Add support for HTTP proxies and SSL Client certificates?

[nickygerritsen]

Q	A
Bug?	no
New Feature?	yes

We are currently using this great library in a library we are creating, but we have two things that I think the library currently doesn't support:

• Allow requests to go through an HTTP proxy
• Allow requests to use an SSL client certificate to authenticate

I think most of the clients actually implementing the interface do support one or both these features, but the question is can we easily add this?

Perhaps we could add the following to the HttpClient (and HttpAsyncClient) interface?

<?php
interface HttpClient {
  public function supportsFeature($feature) : boolean;
}

And then defines these features somewhere, maybe as an interface HttpClientFeature (and then $feature can also be the name of a class implementing that interface). Finally we could add a method sendRequestWithFeatures(RequestInterface $request, $features) where features is an array keyed on feature classnames and the values are instantiations of HttpClientFeatures. The sendRequest can then possibly do a check whether the features are actually supported and if so, apply these features. If features are not supported, either throw an exception or silently ignore them.

What are the thoughts on this? If desired I am willing to help with implementing this.

[fbourigault]

Features looks over-engineering to me. HttpClient is an interface intended to be substituable. This help library developers to not be stuck because of incompatible guzzle versions required by two libraries. Instead, the application developer choose one implementation and all is fine.

For your case, I would simply choose an implementation which allows you to do proxy and client certificate authentication. Guzzle supports proxy through environment variables (but only supports uppercase environment variables, see guzzle/guzzle#1821). You can also use cURL configuration.

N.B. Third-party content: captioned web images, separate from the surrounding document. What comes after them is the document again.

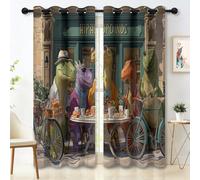Blackout Curtains W46 x L54 Inch, Multi-Coloured Cartoon Dinosaur Bicycle Printed Window Drapes with Eyelet, Thermal Insulated Curtains for Bedroom Living Room Nursery, 2 Panels, Teens
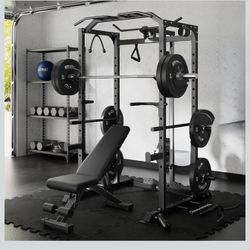 Squat rack with cable
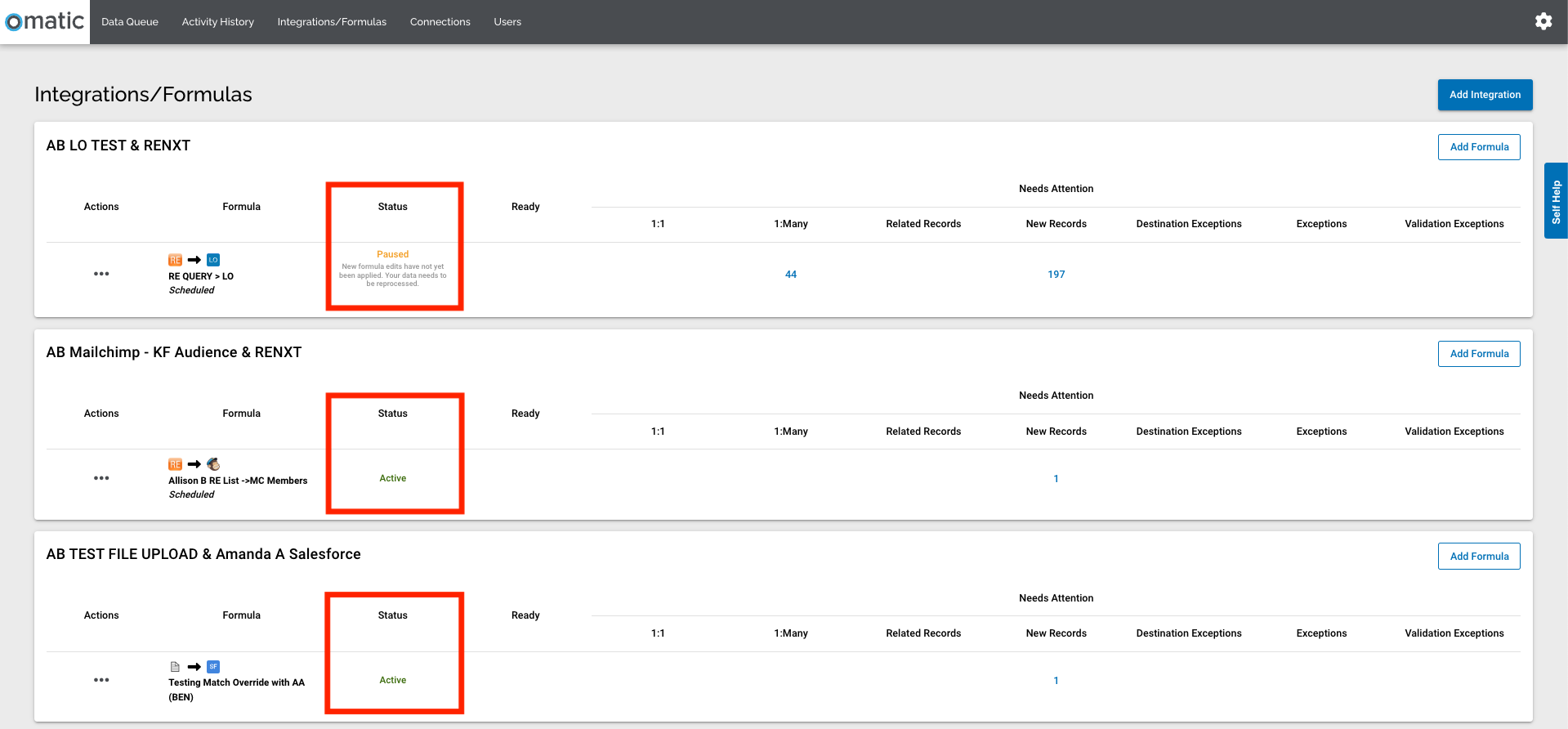 Integrations/Formulas - Overview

Using the configuration would also allows you to do client authentication!

[nickygerritsen]

But ideally I do not want the users of my library to be forced to use Guzzle or cURL as a client, therefore I wanted to use HttpClient

[fbourigault]

IMHO client authentication and proxy are out of scope of HTTPlug as it's not about HTTP but about networking. This has probably be debated by php-http members before I join. I let them answering you!

[dbu]

in my understanding, httplug is an interface that defines how a client can send a web request to receive a response. it is not a client configurator. proxies and https are implementation details that the client does not care about.

as far as i can see, PSR-7 also does not specifically support ssl, at least i found nothing in a quick search how one could add a client certificate. thus, i think we can't even provide support for this with a plugin in client-common. the only place this can be done is in the actual client implementation.

so for your library, it would be in the setup instructions. if you want, you could provide a client factory implementation that can create a guzzle adapter with a correctly configured guzzle inside. that way, the rest of your library is still decoupled from a concrete http client implementation and your users can build a different httplug object if they need anything special.

[nickygerritsen]

The problem for my library is that it talks to a couple of API's and currently one needs to use a proxy and an SSL client certificate for authentication. The proxy part is not the biggest problem as indeed this could be used for all connections, but the client certificate is only for one specific endpoint.

[dbu]

then either use a specific guzzle plugin that only uses the certificate on certain domains, or inject 2 separate clients for the different end points. or write a httplug client that wraps the 2 clients and picks one or the other based on the domain.

from my point of view, it would be problematic if client code could change all kind of configuration in request arguments. i assume that the authors of PSR-7 also see it that way, as they did not add options to send along with a request to control how it should be sent.

[Nyholm]

As David says, It is way out of scope for a HTTP client interface. It is configuration of a specific client and we currently has no intention in creating an abstraction over configuration.